Schwer zu beantworten. Es geht ja nicht nur um das politische System, sondern auch um Entscheidungsstrukturen, Ressourcen, Bürokratie, Digitalisierung. Wichtig ist diese große Begeisterung der Bevölkerung für technische Lösungen und die große Experimentierbereitschaft. Die gäbe es unter jeder Regierung.
Könnte Deutschland etwas lernen von China?
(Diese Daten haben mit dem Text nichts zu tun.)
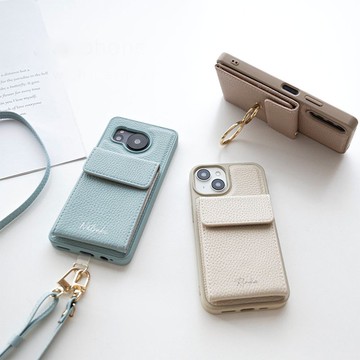 多型號相容於智慧型手機外殼，彩色後殼[帶鏡子，垂直開口，磁性，卡片盒，名稱雕刻]智慧型手機肩帶，暗色，包含零件 JE13U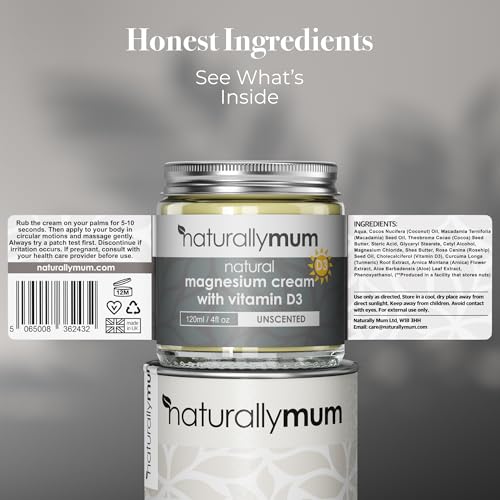 Magnesium Cream with Vitamin D3 [4 Fl Oz] - Magnesium Calm Cream and Vitamin D Lotion - Magnesium D3 Cream - Calming Cream Magnesium and Vitamin D - Turmeric & Arnica Cream - Unscented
Die Schnelligkeit der Entscheidungen und ihre Umsetzung beeindruckt. In China baut man relativ zügig eine Großanlage, bei der es in Deutschland erstmal 20 Jahre lang Diskussionen gäbe. Aber das geht eben auch nur in einem autokratischen System. Typisch ist auch die ständige Messung aller Leistung, was die Produktivität anstachelt, aber die Forschenden unter extremen Leistungsdruck setzt. Ob wir das einfach übertragen können und wollen?
Bei vielen Forschern und Wissenschaftsmanagern in Deutschland herrscht Unsicherheit, wie man mit China umgehen soll: Die ehemalige Bundesforschungsministerin Bettina Stark-Watzinger warnte: „Hinter jedem chinesischen Forscher kann sich die kommunistische Partei verbergen.“ Zurecht?
Wir können beim wissenschaftlichen Umgang mit vielen großen Problemen auf die Kooperation mit China nicht verzichten. Es ist ein unverzichtbarer Standort, um etwa gute Astrophysik oder Krebsmedizin zu machen. Die Debatten über die Risiken sind berechtigt, aber man sollte sie faktenbasierter diskutieren und mehr mit Szenarien arbeiten. Wie viele Spionagefälle gibt es, und wie häufig funktioniert die Zusammenarbeit reibungslos? Welche Folgen haben bestimmte Einschränkungen in der Kooperation?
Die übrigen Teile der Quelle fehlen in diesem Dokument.